-- Material shown --
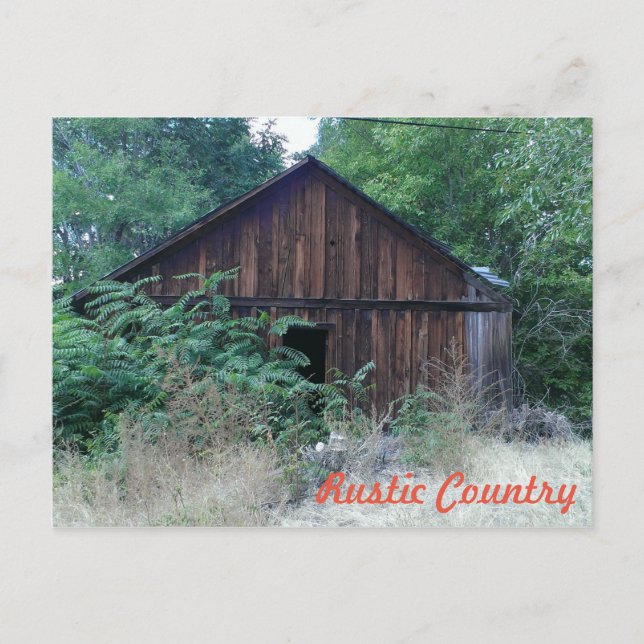 Cartão Postal Cartão-postal russo para países (Frente)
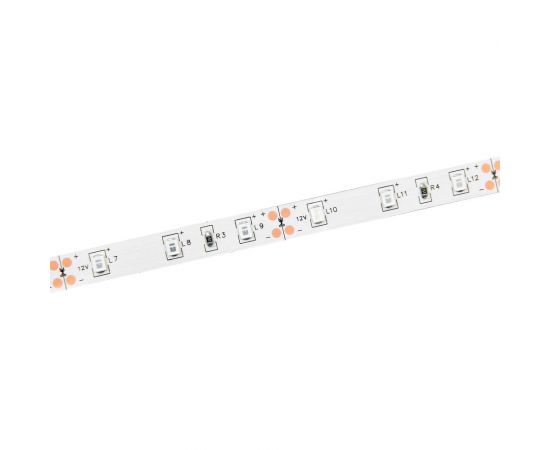 Лента IEK LED 5м LSR-2835G60-4, 8-IP65-12В LSR1-5-060-65-3-05 
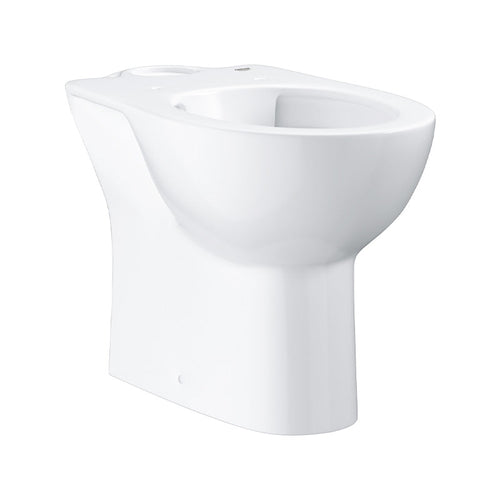 Cuvette WC à poser GROHE 39349000 Bau Ceramic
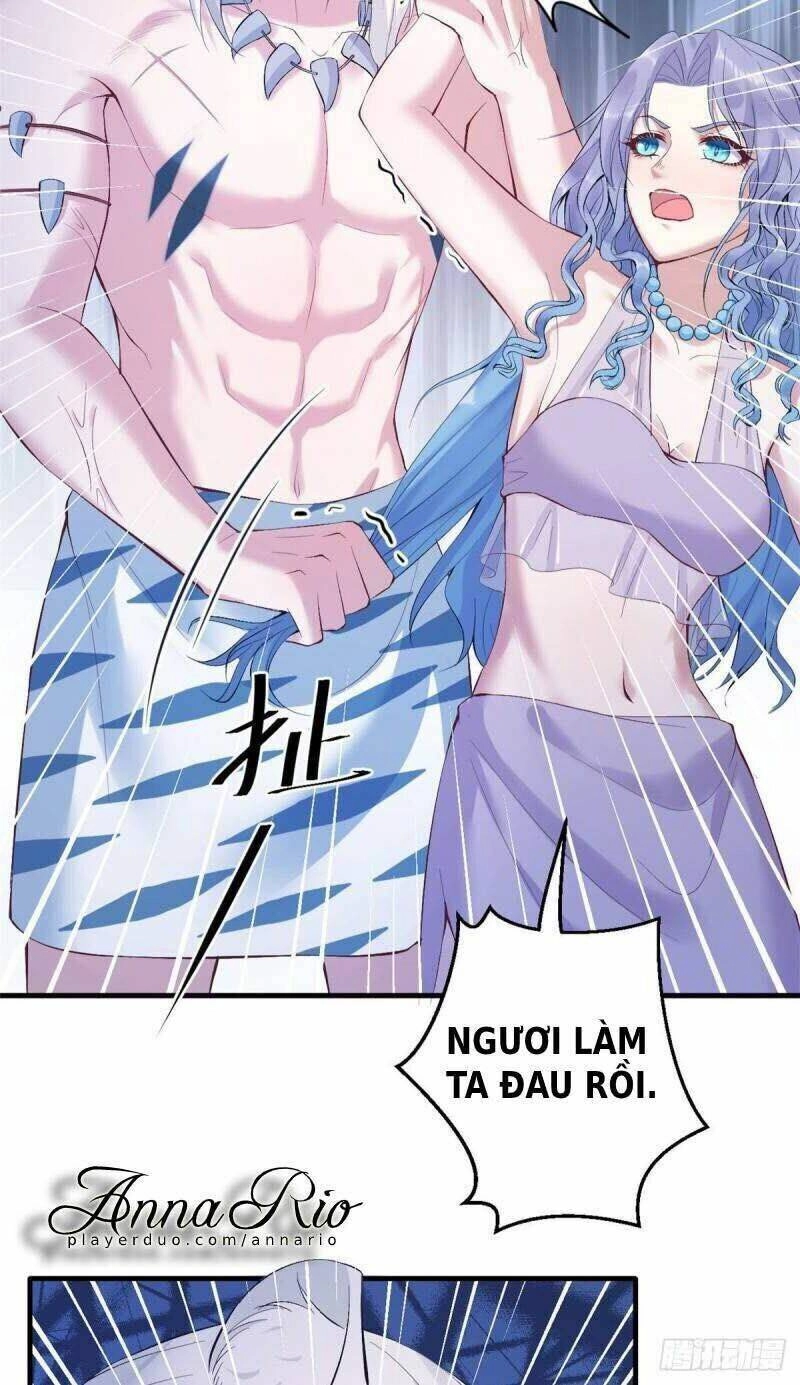 Thảnh Thơi Thú Thế Chủng Chủng Điền, Sinh Sinh Tể - Update Chapter 166 - 21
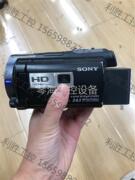 sony索尼hdr-pj760e专业vlog直播摄像机，高设备(高设备)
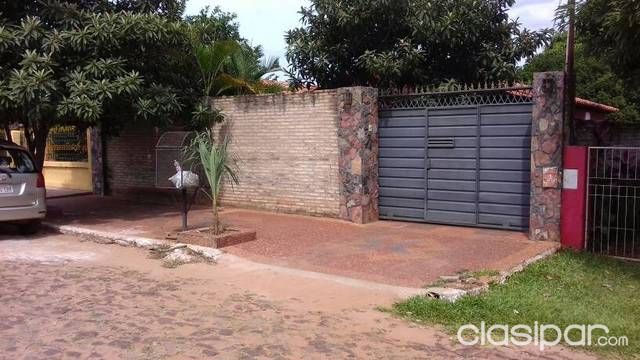 VENDO HERMOSA CASA EN MORACUE LUQUE — foto 2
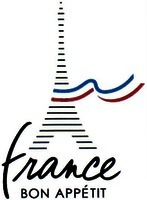 Mẫu nhãn hiệu France BON APPÉTIT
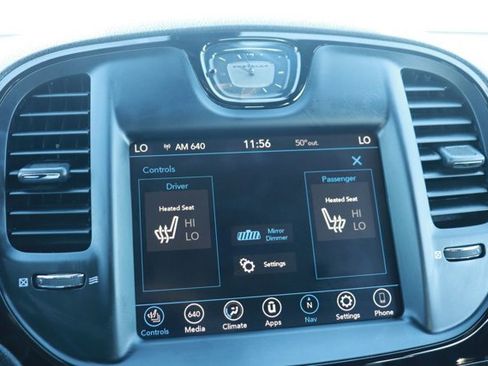 Used 2022 Chrysler 300 S image 16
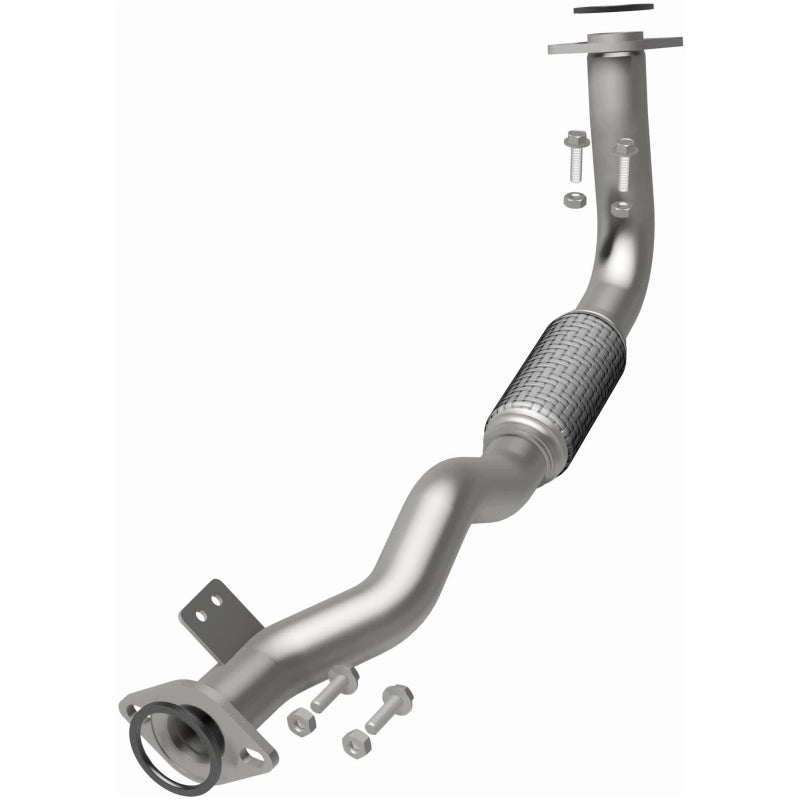 Magnaflow 107-0087 BRE Exhaust 93-97 Corolla Prizm 1.6L 1.8L Front Pipe Kit
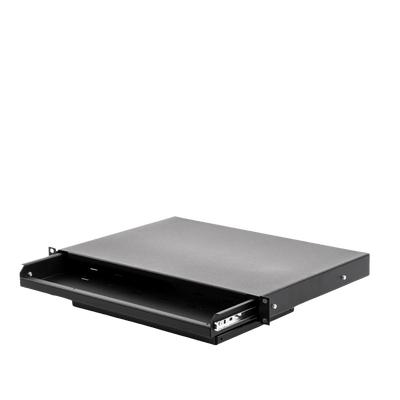 Charola Abatible para Teclado y Ratón con Rack de 19", 1UR - Image 5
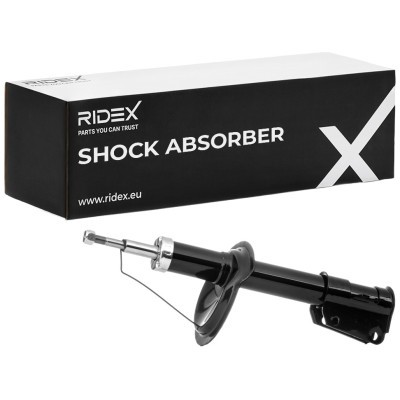 Amortyzator RIDEX 854S0397 854S0397 - foto 2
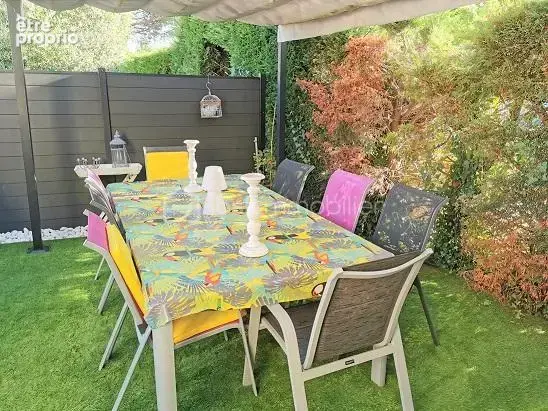 Magnifique propriete de 257 m2 avec 6 chambres, 4 sdb, piscine et un gite de 67 m2 avec 2 chambres !!! - photo 11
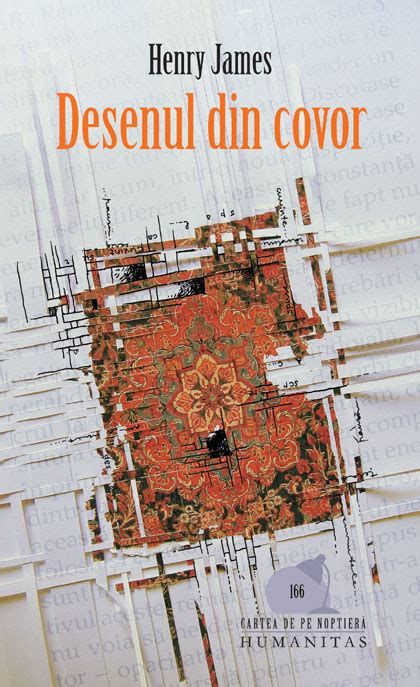 Desenul din covor Romanian Edition Epub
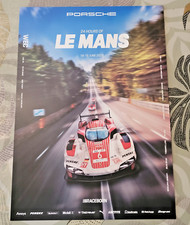 24h00 mans 2025 d'occasion  Coulaines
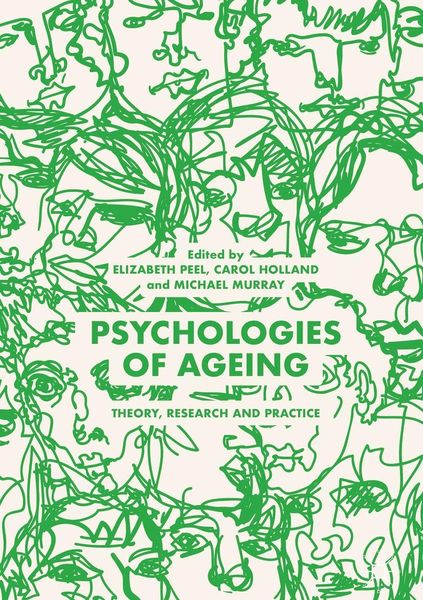 Produktbild: Psychologies of Ageing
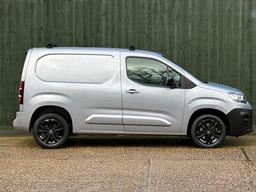 Citroen Berlingo 1.5 BlueHDi 1000 Driver M SWB Euro 6 (s/s) 5dr at 18th
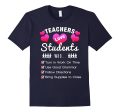 Funny Teacher Classroom T-Shirt for Valentine s Day Discount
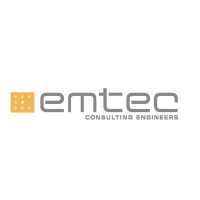 Emtec Consulting Engineers logo - Similar company to Ryan Soames Engineering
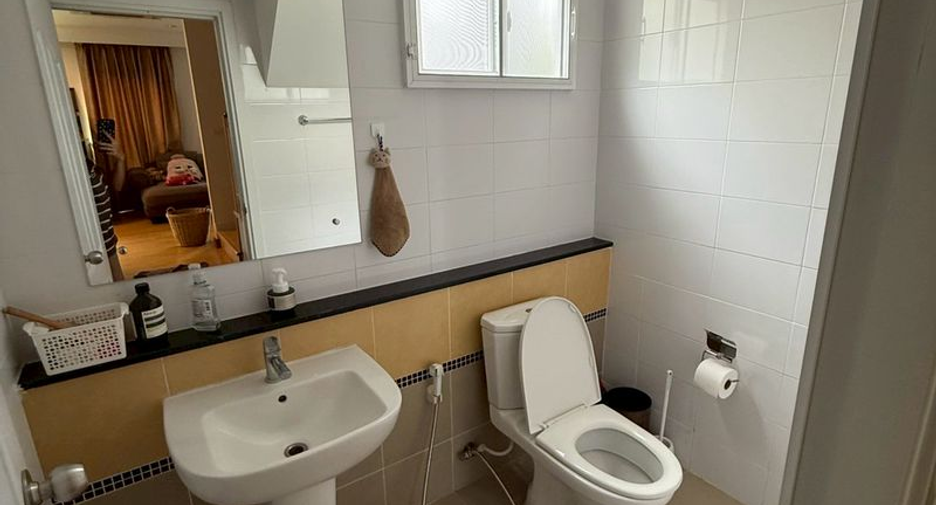 For sale 3 bedrooms house in Sai Mai, Bangkok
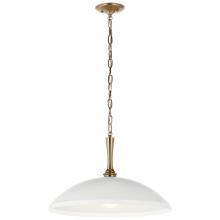 Kichler 52638WH - Pendant 1Lt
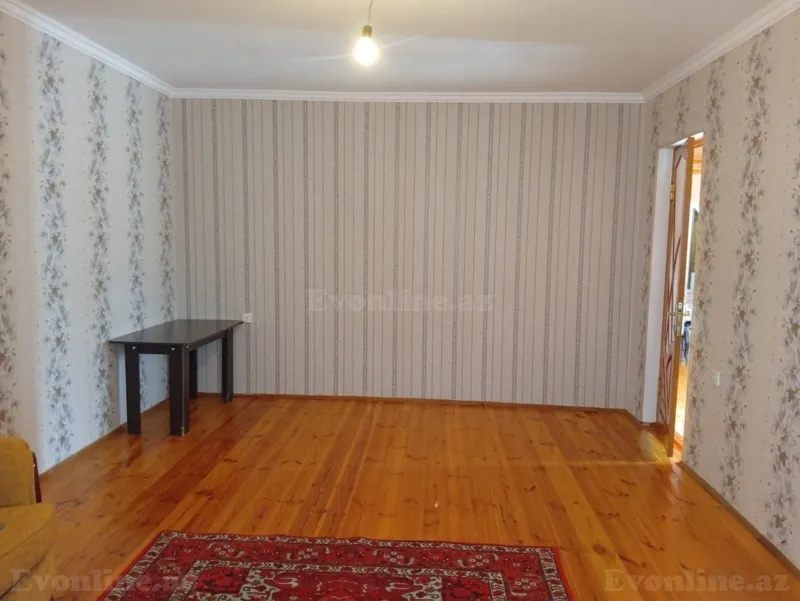 Kirayə verilir 4 otaqlı Həyət evi 140 m² Şirvan - şəkil 6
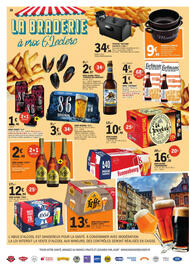 E.Leclerc folder Pagina 30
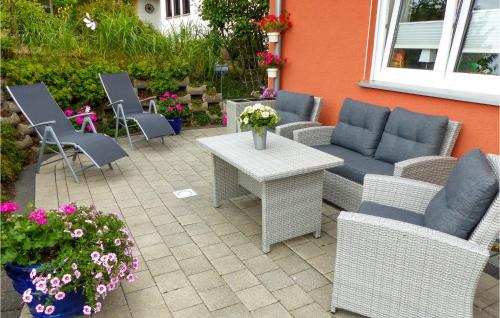 Nice apartment in Netphen with 2 Bedrooms and WiFi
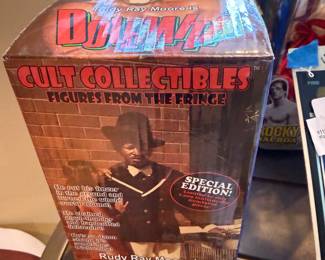 Dolemite Cult Collectibles 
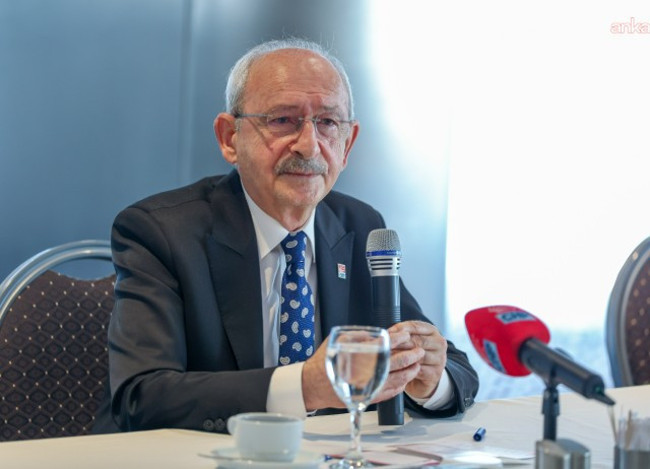 Kılıçdaroğlu'ndan olay yaratacak çıkış! AKP'ye 'arınma' mesajı - Resim : 3
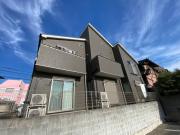 ＪＲ総武本線都賀駅まで徒歩7分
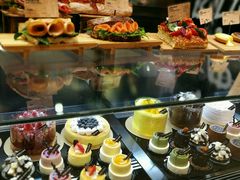 -PAPER STONE BAKERY(天汇广场店)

-- What you are asked to do --
Locate the line containing "Funny Teacher Classroom" in the records above, then output it and every line after it through the last, excluding pictures.

-- Exercise result --
 Funny Teacher Classroom T-Shirt for Valentine s Day Discount
 Emtec Consulting Engineers logo - Similar company to Ryan Soames Engineering
 For sale 3 bedrooms house in Sai Mai, Bangkok
 Kichler 52638WH - Pendant 1Lt
 Kirayə verilir 4 otaqlı Həyət evi 140 m² Şirvan - şəkil 6
 E.Leclerc folder Pagina 30
 Nice apartment in Netphen with 2 Bedrooms and WiFi
 Dolemite Cult Collectibles 
 Kılıçdaroğlu'ndan olay yaratacak çıkış! AKP'ye 'arınma' mesajı - Resim : 3
 ＪＲ総武本線都賀駅まで徒歩7分
 -PAPER STONE BAKERY(天汇广场店)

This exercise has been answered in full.